The machines in Teletubbyland, in other words, are the devices necessary to free mankind from its attachment to the adult world of necessity, provision and work. And once freed from those constraints, the show suggests, evolution or choice leads life back into the calm, bright satisfactions of toddlerdom. The Teletubbies are purer Eloi than the Eloi, a more complete rendering of the old SF convention about degeneration. Wells characterised his Eloi as child-like in some respect, but adult-like in others (physical appearance, sexual appetite). Huxley’s Brave New World also posited human global happiness upon an infantilisation of the human animal, although his future humans are also adult in appearance and physical appetite.
But neither writer explored the logic of their own premises as far as do the Teletubbies.
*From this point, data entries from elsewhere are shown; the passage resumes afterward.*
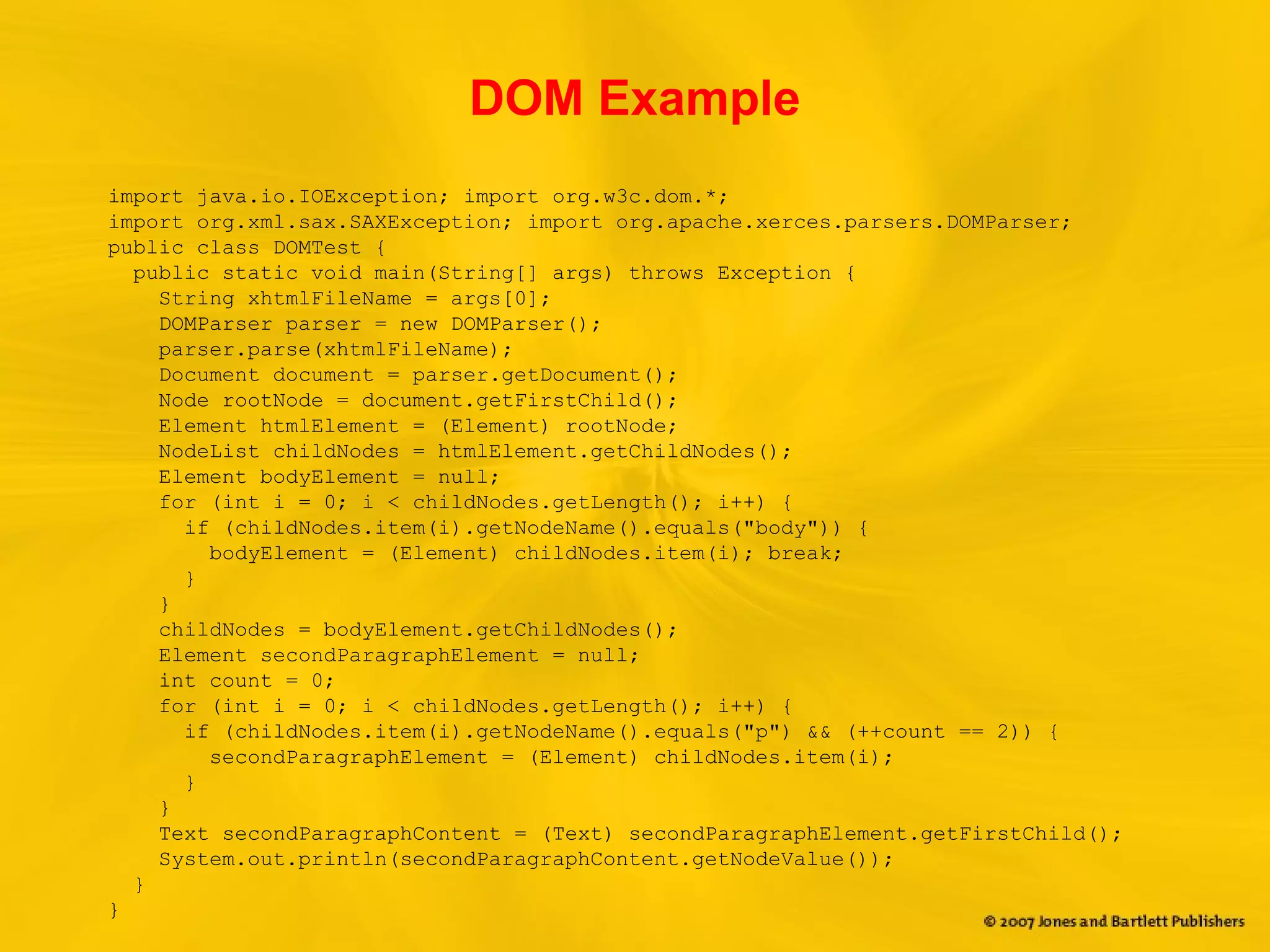 DOM Example
import java.io.IOException; import org.w3c.dom.*;
import org.xml.sax.SAXException; import org.apache.xerces.parsers.DOMParser;
public class DOMTest {
public static void main(String[] args) throws Exception {
String xhtmlFileName = args[0];
DOMParser parser = new DOMParser();
parser.parse(xhtmlFileName);
Document document = parser.getDocument();
Node rootNode = document.getFirstChild();
Element htmlElement = (Element) rootNode;
NodeList childNodes = htmlElement.getChildNodes();
Element bodyElement = null;
for (int i = 0; i < childNodes.getLength(); i++) {
if (childNodes.item(i).getNodeName().equals("body")) {
bodyElement = (Element) childNodes.item(i); break;
}
}
childNodes = bodyElement.getChildNodes();
Element secondParagraphElement = null;
int count = 0;
for (int i = 0; i < childNodes.getLength(); i++) {
if (childNodes.item(i).getNodeName().equals("p") && (++count == 2)) {
secondParagraphElement = (Element) childNodes.item(i);
}
}
Text secondParagraphContent = (Text) secondParagraphElement.getFirstChild();
System.out.println(secondParagraphContent.getNodeValue());
}
}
Their utopian existence depends upon them being fully child-like, in all respects. That is the point. The programmes broadcast to the creatures’ inset televisions are, presumably, historical documentaries about the way life used to be, concentrating quite naturally on the infantile existence as the paradigm for the future utopia. The face in the sun becomes, I suppose, the manifestation of the central machine intelligence that regulates and maintains the world.
We might see it as a pretty nugatory paradise that did not involve sex, or other adult hedonisms. But this is to ignore Freud’s central insight: adult human pleasure must mediate id and superego; it has no choice about this. Gratification always entails anxiety, and for many people the relationship is linear, such that greater gratification involves, and even depends upon, greater anxiety. If we want a life free of stress, a fret-free angst-free life we must give up the superego, and with it our adult natures. We must become again as little children.
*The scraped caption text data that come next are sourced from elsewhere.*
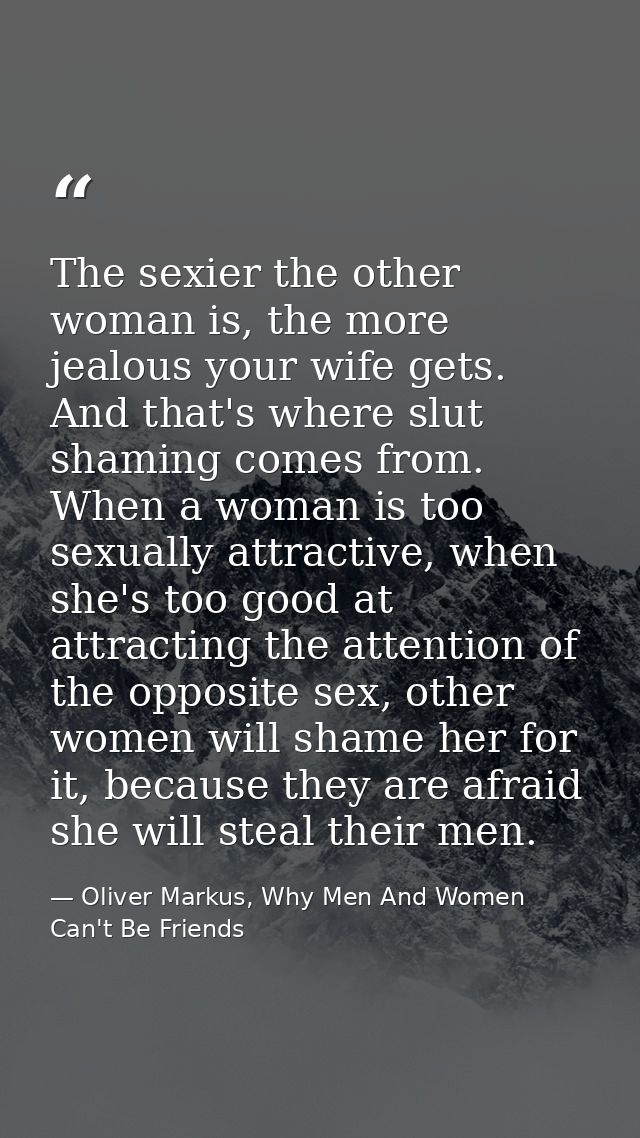The sexier the other woman is, the more jealous your wife gets. And that's where slut shaming comes from. When a woman i — Oliver Markus, Why Men And Women Can't Be Friends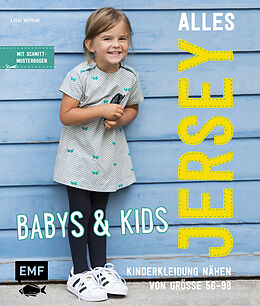 Fester Einband Alles Jersey  Babys &amp; Kids: Kinderkleidung nähen von Lissi Wilbat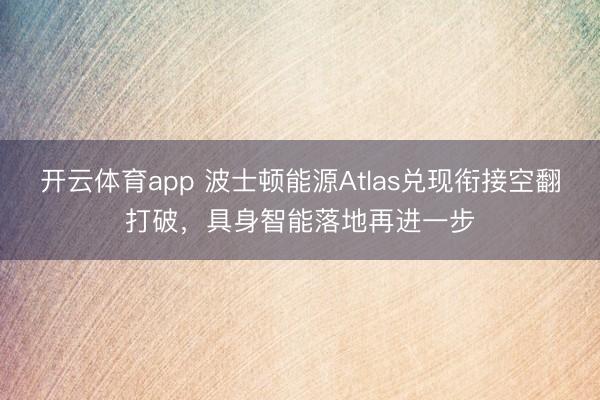 开云体育app 波士顿能源Atlas兑现衔接空翻打破,具身智能落地再进一步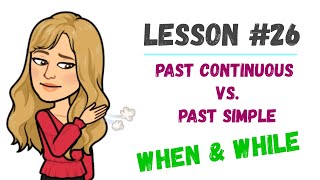 LESSON26  PAST SIMPLE and PAST CONTINUOUS ➽ cómo usar el WHEN y el WHILE con 👉EJERCICIOS👈 [upl. by Norraf]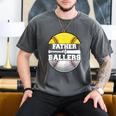 Father Of Ballers Softball Baseball Dad Men's Comfort Colors T-Shirt Pepper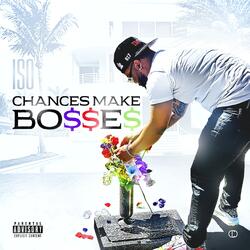 Chances Make Bosses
In other words, the toddler-oriented aspect of the show can be read not in clumsily production-intention terms (‘the show is designed to appeal to toddlers’), but as a commentary upon the necessary infantilisation implicit in any utopian fantasy. It poses a question: to achieve a total happiness for all on the planet, once technology has removed the practical barriers, how far along the road towards infantile consciousness will it be necessary to travel? Will we become like the citizens of Huxley’s Brave New World? Or more infantile, like Wells’s Eloi? Or will we go the whole hog, and subsume our angst-ridden adult consciousnesses completely in the bright colours and satisfying repetitions of Teletubbyland? The enduring appeal of the Teletubbies to adults suggests, perhaps, this latter.